- Theatrical release poster
- Directed by: Richard Fleischer
- Written by: Elmore Leonard
- Produced by: Walter Mirisch
- Starring: Charles Bronson Al Lettieri Linda Cristal Lee Purcell
- Cinematography: Richard H. Kline
- Edited by: Ralph E. Winters
- Music by: Charles Bernstein
- Production company: The Mirisch Corporation
- Distributed by: United Artists
- Release date: July 12, 1974;
- Running time: 103 minutes
- Country: United States
- Language: English

= Mr. Majestyk =

1974 film by Richard Fleischer

Mr. Majestyk is a 1974 American neo-Western action thriller film directed by Richard Fleischer and written by Elmore Leonard. Charles Bronson stars as the title character, Vince Majestyk, a farmer and Vietnam War veteran who gets in a conflict with racist thugs and a mafia hitman who want to destroy his watermelon farm in rural Colorado. Leonard, who wrote the film with an original screenplay, took the name Majestyk from a character in his 1969 crime novel The Big Bounce. He would also write the novelization of the film.

==Plot==
Vince Majestyk is a farmer, and a former U.S. Army Ranger instructor and Vietnam War veteran, who owns and operates a 160-acre watermelon farm in rural Colorado near a small town called Edna. He needs to harvest his crop soon in order to keep the farm financially solvent.

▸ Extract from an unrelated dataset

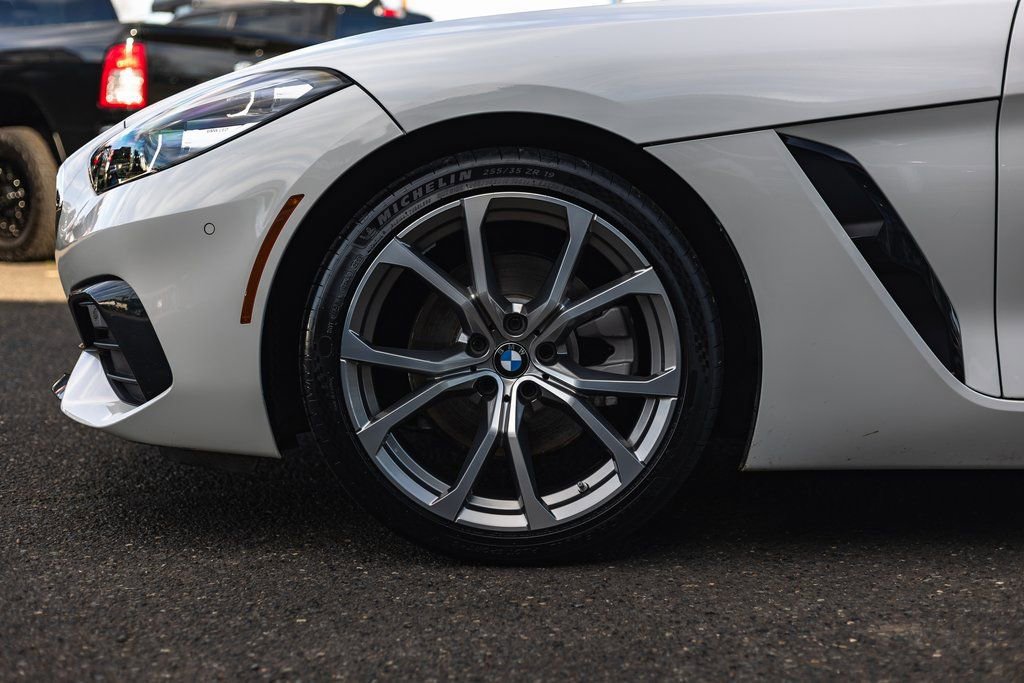 Used 2020 BMW Z4 sDrive30i w/ Convenience Package RWD image 14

A small-time hood, Bobby Kopas, attempts to coerce Majestyk into a protection racket of using unskilled drunks to harvest his watermelon crop. Majestyk runs him off with Kopas' own shotgun and hires experienced Mexican migrant workers, including Nancy Chavez, a crop picker who is also a union organizer. Kopas brings assault charges against Majestyk, resulting in the farmer being placed under arrest before he can finish the harvest.

In jail, Majestyk meets and annoys Frank Renda, a notorious mob hit man being transferred to a higher-security prison. Renda's men try to break him out of police custody during a prisoner transport by bus. In the escape attempt, Majestyk drives off in the bus with Renda still in handcuffs, eventually taking him to his hunting cabin in the nearby foothills. Majestyk hopes to trade Renda to the police in return for being released to finish harvesting his melons. Renda offers his captor $25,000 for his freedom, but Majestyk declines. Renda then threatens to kill Majestyk if he doesn't release him, and Majestyk pretends to be persuaded to take the money, but contacts both the police and Renda's Mafia contacts to come pick them up.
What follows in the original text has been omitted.